Tournant-de-situation...

Bien entendu, nous constatons que ce point de vue écarte résolument l’aspect militaire en tant que but du conflit réduit à Ukraine-Russie, pour le considérer comme un moyen dynamique et important mais politiquement contrôlé dans le conflit entre la Russie soutenue par la Chine, et l’OTAN/UE et les USA (ou “Ouest-collectif”, ou bloc-BAO). Dans ce cas, effectivement, les appréciations sur de grandes offensives et de grandes manœuvres militaires sont assez peu utiles, le but de la Russie étant “de ne pas perdre” une fois sa position établie, pour que l’Occident s’épuise à vouloir “gagner”, ne serait-ce qu’en repoussant la Russie.
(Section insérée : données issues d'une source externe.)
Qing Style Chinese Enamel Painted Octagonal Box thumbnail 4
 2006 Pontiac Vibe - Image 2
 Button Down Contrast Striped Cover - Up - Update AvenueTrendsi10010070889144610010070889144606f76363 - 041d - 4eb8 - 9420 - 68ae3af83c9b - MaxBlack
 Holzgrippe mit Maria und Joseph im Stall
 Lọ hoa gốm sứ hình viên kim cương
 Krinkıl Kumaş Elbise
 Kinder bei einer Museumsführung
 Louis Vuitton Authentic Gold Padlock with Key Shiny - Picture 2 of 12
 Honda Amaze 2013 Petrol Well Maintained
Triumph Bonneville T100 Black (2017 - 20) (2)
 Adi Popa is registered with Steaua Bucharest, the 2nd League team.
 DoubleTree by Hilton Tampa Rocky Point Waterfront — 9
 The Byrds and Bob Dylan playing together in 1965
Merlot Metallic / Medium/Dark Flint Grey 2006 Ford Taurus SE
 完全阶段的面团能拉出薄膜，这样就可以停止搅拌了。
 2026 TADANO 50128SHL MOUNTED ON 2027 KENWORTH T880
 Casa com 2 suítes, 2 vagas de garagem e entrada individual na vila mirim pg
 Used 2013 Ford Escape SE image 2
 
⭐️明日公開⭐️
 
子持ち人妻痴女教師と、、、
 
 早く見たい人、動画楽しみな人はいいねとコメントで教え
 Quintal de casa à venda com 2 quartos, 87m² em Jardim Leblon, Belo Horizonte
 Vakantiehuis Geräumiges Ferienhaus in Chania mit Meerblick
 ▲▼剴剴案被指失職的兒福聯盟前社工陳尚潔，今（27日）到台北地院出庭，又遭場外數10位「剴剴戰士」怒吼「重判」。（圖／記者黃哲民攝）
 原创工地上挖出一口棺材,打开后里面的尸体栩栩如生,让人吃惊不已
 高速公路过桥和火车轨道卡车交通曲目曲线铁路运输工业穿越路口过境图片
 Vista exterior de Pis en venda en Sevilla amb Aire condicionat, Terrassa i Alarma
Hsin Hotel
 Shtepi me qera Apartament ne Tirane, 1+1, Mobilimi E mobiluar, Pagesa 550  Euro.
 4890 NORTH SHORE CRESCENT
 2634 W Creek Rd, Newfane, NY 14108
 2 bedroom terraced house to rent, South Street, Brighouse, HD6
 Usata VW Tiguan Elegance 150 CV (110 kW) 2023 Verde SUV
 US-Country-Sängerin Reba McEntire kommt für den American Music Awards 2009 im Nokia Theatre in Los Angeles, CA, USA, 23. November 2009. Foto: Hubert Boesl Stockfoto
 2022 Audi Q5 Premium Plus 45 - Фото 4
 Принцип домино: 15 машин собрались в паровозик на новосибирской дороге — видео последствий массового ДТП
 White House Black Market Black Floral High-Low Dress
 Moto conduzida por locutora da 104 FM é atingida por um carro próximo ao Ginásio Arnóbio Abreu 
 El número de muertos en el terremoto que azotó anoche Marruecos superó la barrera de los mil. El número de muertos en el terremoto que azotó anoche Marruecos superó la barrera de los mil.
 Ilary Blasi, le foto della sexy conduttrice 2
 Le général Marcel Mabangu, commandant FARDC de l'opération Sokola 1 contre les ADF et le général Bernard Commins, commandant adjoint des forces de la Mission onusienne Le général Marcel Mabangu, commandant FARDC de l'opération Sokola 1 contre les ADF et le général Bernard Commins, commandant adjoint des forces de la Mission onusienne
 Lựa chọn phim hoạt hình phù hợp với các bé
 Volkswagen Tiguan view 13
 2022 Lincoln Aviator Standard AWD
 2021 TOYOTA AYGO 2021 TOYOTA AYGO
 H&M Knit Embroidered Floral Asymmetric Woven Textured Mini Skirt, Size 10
Nous avions déjà cette approche en août dernier, comme le montre ce texte que nous reprenons du 8 août 2022 de PhG. Nous insistons sur le fait qu’à notre estime, Poutine et la Russie ont improvisé cette stratégie dans son aspect totalisant devant la double démonstration :
• de l’échec complet des sanctions contre la Russie ;
• de l’engagement total de l’“Ouest-collectif”, signifiant la mise dans le jeu de toute la puissance ce cette entité, cela haussant l’affrontement au niveau civilisationnel.

Cette évaluation nous paraît justifiée par les événements depuis août 2022. Nous nommerions ce processus : passer « d’une ‘Ukrisis’ locale à l’‘Ukrisis’ globale »...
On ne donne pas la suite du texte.